The line usually parroted is that Radiohead’s sublime OK Computer, also released in 1997, was the album that killed Britpop, but the likes of Pulp’s This Is Hardcore and Six by Mansun played their part as well. But in terms of one album that sat in similar sonic terrains, but brought the grey skies to Britpop, it has to be Urban Hymns. It connected so readily with audiences that it is currently the 19th best-selling album in UK history, frontman Richard Ashcroft organically tapping into the mood of the nation and finally turning The Verve into the stars they should've always been. The likes of The Drugs Don’t Work, Lucky Man, Sonnet and, of course, Bittersweet Symphony are now iconic British anthems. For Britpop, there really was no coming back from this.
Belle And Sebastian – The Boy With The Arab Strap (1998)
After Britpop's demise, it was dreary singer-songwriters and boy and girl bands who had their turn at UK chart domination, while the indie scene seemed to make a conscious effort to strip itself of all of the era's indulgences and surplus bombast and retreat back underground. The bands that defined indie's final chapter in the 90s weren't the arch pop megastars of before, but scruffy, relatable, unremarkable individuals. It’s perhaps for this reason that their part of the story tends to get airbrushed out, but there was some genuinely unmatched music still being released as the decade drew to a close.

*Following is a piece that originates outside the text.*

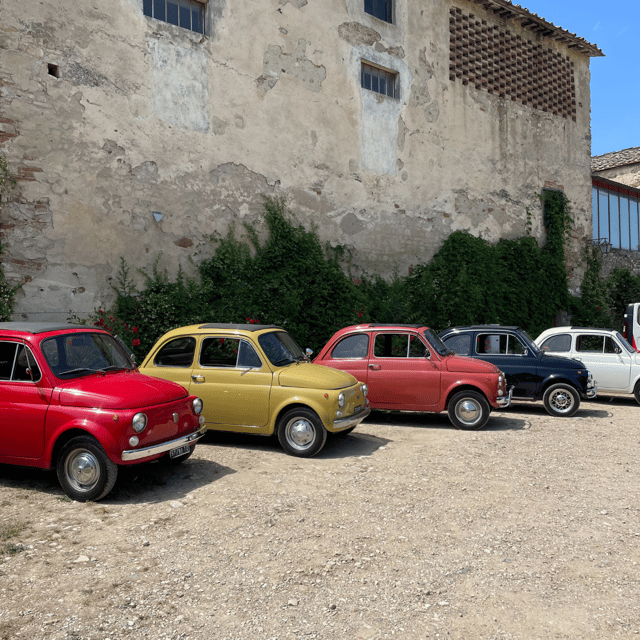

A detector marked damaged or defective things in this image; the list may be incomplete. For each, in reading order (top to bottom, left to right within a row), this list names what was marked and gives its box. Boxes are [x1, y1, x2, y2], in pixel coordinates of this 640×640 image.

peeling plaster wall [0, 0, 596, 320]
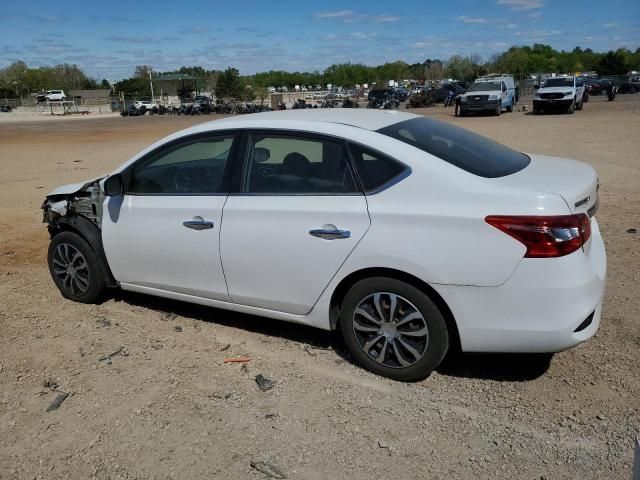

Belle And Sebastian’s third full length album gets the nod ahead of Gomez’s Bring it On due to the fact that it did give 90s indie one last triumph over the mainstream when it shockingly, and hilariously, beat big pop acts 5ive, Steps, Billie Piper, Another Level and Cleopatra to win the Best Newcomer Award at the BRIT Awards in 1999. The Scottish folk-pop collective couldn’t have been bigger underdogs, but on the strength of music alone, they deservedly picked up the award. The Boy With The Arab Strap is a deliciously sweet feast for the ears, songs like A Summer Wasting, Dirty Dream Around The Sea and Stuart Murdoch and Isobel Campbell’s honey-coated duet on Sleep The Clock Around all ache with beauty, and the title track is just a straight up great pop tune. The album proved that an understated approach and great songwriting could still be enough to see you succeed, and a few years later Doves, Elbow, Grandaddy, Arab Strap and more would prove it further.